Closed form of function from recursive definition

The binomial coefficient-weighted sum on the right-hand side suggests using exponential generating functions. Define $f(0)=0$ and rewrite the given equation as $$ \sum_{j=0}^k \binom kj f(j) = (2^k-1)^n = \sum_{i=0}^n \binom ni (2^k)^i (-1)^{n-i} $$ (assuming $n$ is a nonnegative integer).

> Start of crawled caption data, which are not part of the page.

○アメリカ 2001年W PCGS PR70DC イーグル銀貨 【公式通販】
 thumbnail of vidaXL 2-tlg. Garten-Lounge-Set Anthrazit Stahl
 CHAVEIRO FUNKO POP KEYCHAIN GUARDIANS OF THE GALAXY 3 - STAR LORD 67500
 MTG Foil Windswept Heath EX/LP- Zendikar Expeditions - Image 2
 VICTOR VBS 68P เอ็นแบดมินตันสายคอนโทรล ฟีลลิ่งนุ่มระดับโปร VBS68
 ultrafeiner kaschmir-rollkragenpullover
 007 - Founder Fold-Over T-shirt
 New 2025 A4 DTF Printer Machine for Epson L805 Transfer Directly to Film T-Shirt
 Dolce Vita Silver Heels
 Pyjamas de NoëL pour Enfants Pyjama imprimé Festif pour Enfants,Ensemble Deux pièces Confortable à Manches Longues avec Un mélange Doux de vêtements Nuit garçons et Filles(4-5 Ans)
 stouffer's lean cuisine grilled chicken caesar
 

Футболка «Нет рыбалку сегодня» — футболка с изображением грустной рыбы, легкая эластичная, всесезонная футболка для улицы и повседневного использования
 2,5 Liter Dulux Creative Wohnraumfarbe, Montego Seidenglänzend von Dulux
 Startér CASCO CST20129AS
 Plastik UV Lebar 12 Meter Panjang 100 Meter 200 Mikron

Multiplying both sides by $x^k/k!$ and summing over $k$ yields the exponential generating function identity \begin{align*} \sum_{k=0}^\infty \frac{x^k}{k!} \sum_{j=0}^k \binom kj f(j) &= \sum_{k=0}^\infty \frac{x^k}{k!} \sum_{i=0}^n \binom ni (2^k)^i (-1)^{n-i} \\ &= \sum_{i=0}^n (-1)^{n-i} \binom ni \sum_{k=0}^\infty \frac{(2^ix)^k}{k!} = \sum_{i=0}^n (-1)^{n-i} \binom ni e^{2^ix}. \end{align*} For the left-hand side, we use the fundamental convolution identity $$ \biggl( \sum_{k=0}^\infty a_k \frac{x^k}{k!} \biggr) \biggl( \sum_{k=0}^\infty b_k \frac{x^k}{k!} \biggr) = \sum_{k=0}^\infty \biggl( \sum_{j=0}^k \binom kj a_j b_{k-j} \biggr) \frac{x^k}{k!} $$ with $a_j = f(j)$ and $b_j=1$, so that $$ \sum_{k=0}^\infty \frac{x^k}{k!} \sum_{j=0}^k \binom kj f(j) = \biggl( \sum_{k=0}^\infty f(k) \frac{x^k}{k!} \biggr) \biggl( \sum_{k=0}^\infty \frac{x^k}{k!} \biggr) = e^x \sum_{k=0}^\infty f(k) \frac{x^k}{k!}. $$ We conclude that $$ \sum_{k=0}^\infty f(k) \frac{x^k}{k!} = e^{-x} \sum_{i=0}^n (-1)^{n-i} \binom ni e^{2^ix} = \sum_{i=0}^n (-1)^{n-i} \binom ni e^{(2^i-1)x}. $$ Comparing Maclaurin coefficients then gives $$ f(k) = \sum_{i=0}^n (-1)^{n-i} \binom ni (2^i-1)^k. $$ Note that this is consistent with the formulas in Raymond Manzoni's answer.